#### [Exercise instructions]
Retype, exactly and with both ends included, the lines below from the one containing "Espe Peony Messenger Crossbody Bag Grey" through the end; omit the pictures.
(Dataset extract begins)
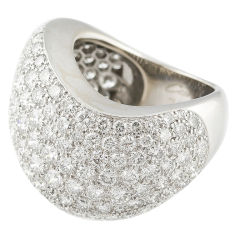 CARTIER PARIS NOUVELLE VAGUE 18K White Gold Diamond Wide Ring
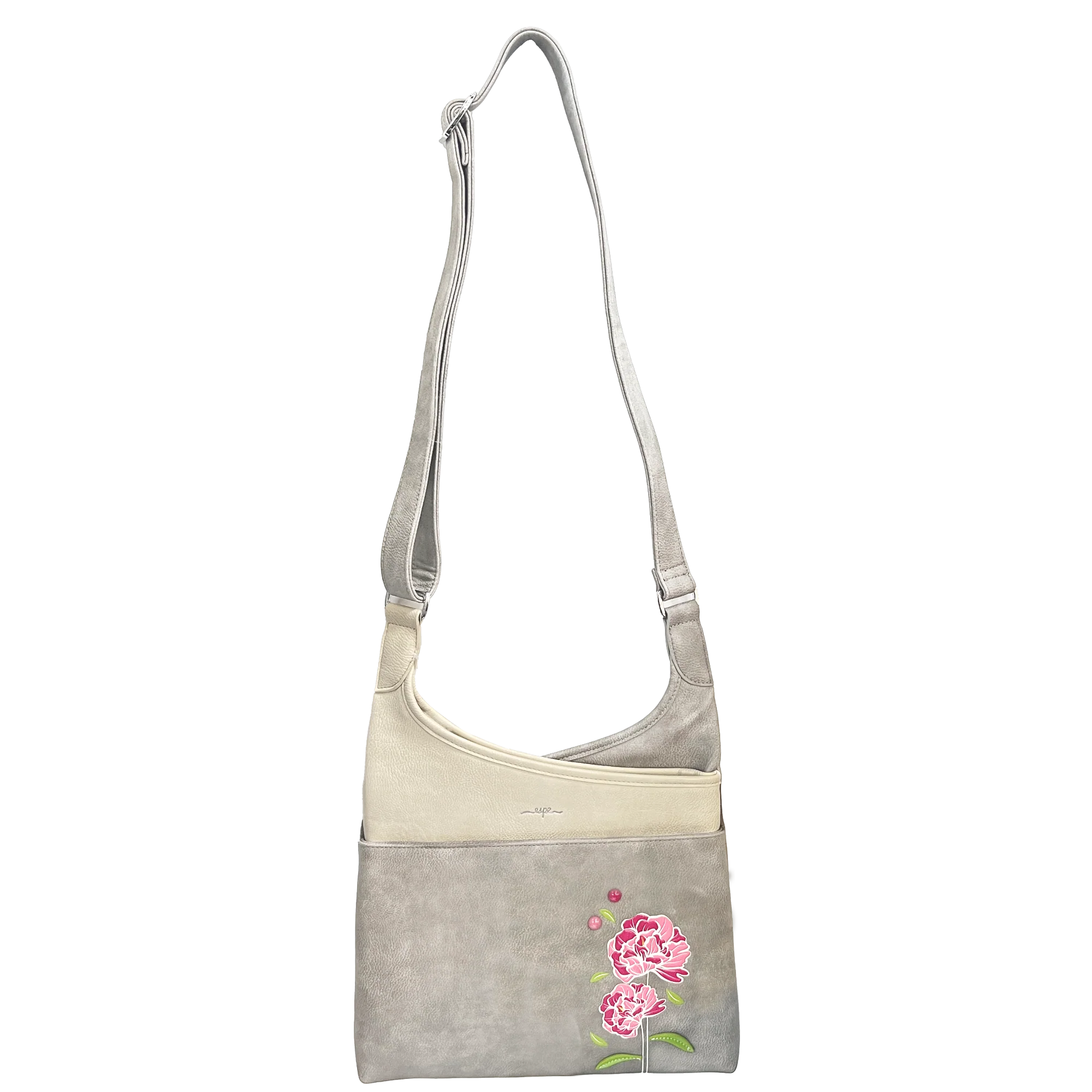Espe Peony Messenger Crossbody Bag Grey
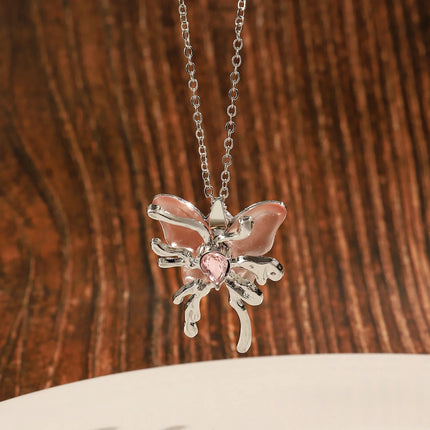 Y2K Sweet Cool Liquid Pink Butterfly Pendant Necklace Female Pink Zircon Water Drop Versatile Necklace Summer New Jewelry PlatiNum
(Dataset extract ends)
#### [Response]
Espe Peony Messenger Crossbody Bag Grey
 Y2K Sweet Cool Liquid Pink Butterfly Pendant Necklace Female Pink Zircon Water Drop Versatile Necklace Summer New Jewelry PlatiNum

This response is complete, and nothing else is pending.